= Charlotte Henriette de Rothschild =

British soprano

Charlotte Henriette de Rothschild (born 28 November 1955) is a British soprano, specialising in the recital and oratorio repertoire, who is a member of the Rothschild banking family of England.

== Biography ==
The second daughter of the four children of Edmund Leopold de Rothschild (1916–2009) and Elizabeth Edith Rothschild née Lentner (1923–1980), she is a twin to David Lionel de Rothschild. In 1990 she married Nigel S. Brown. Her grandfather built the world-famous Exbury Gardens in Hampshire where she was raised. Noted for its cultivation of rhododendrons, a pink "Charlotte de Rothschild" was named for her.

== Education ==
Charlotte de Rothschild studied in Austria at the Universität Mozarteum Salzburg, and at the Royal College of Music in London where her uncle Leopold David de Rothschild has served as a Council Chairman.
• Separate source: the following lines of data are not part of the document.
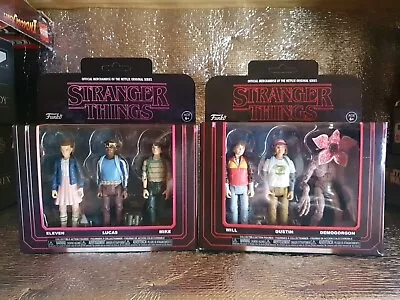 Buy NETFLIX STRANGER THINGS Funko Figures X2 New Boxed Bundle Highly Collectable • 99£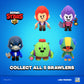 P.M.I. Brawl Stars Action Figures | Official Supercell Toys | Playable Mini Figures Bo And Crow | Licensed Gift For Gamers | Art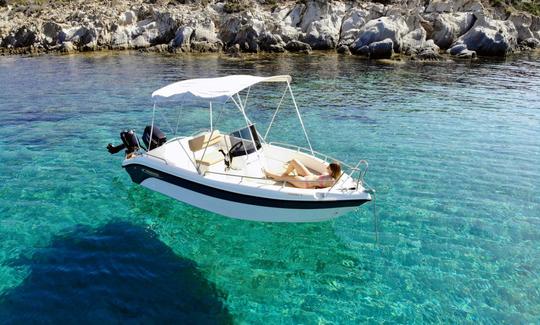 Poseidon Blue Water 170 Speedboat Rental in Kos, Greece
A global performer known for her works in Japan, she created a recital called "Family Connections" in which all the songs were composed by friends or teachers of her family during the past two centuries. The programme also includes compositions by her own ancestor, Mathilde Hannah von Rothschild (1832–1924).

== Career ==
Charlotte de Rothschild is currently signed to classical record label Nimbus Records. She has recorded works by Robert Schumann, Mathilde Hannah von Rothschild, Roger Quilter and Gabriel Fauré with accompanist Adrian Farmer. Nimbus Records have also issued two previously released albums by Charlotte de Rothschild; A Japanese Journey and Fairy Songs. A recital of songs of Norman Peterkin was released on Lyrita, and works by Gary Higginson on Regent.

In 2021 until 2022, Rothschild volunteered to work at a COVID-19 Vaccination centre in Hampshire.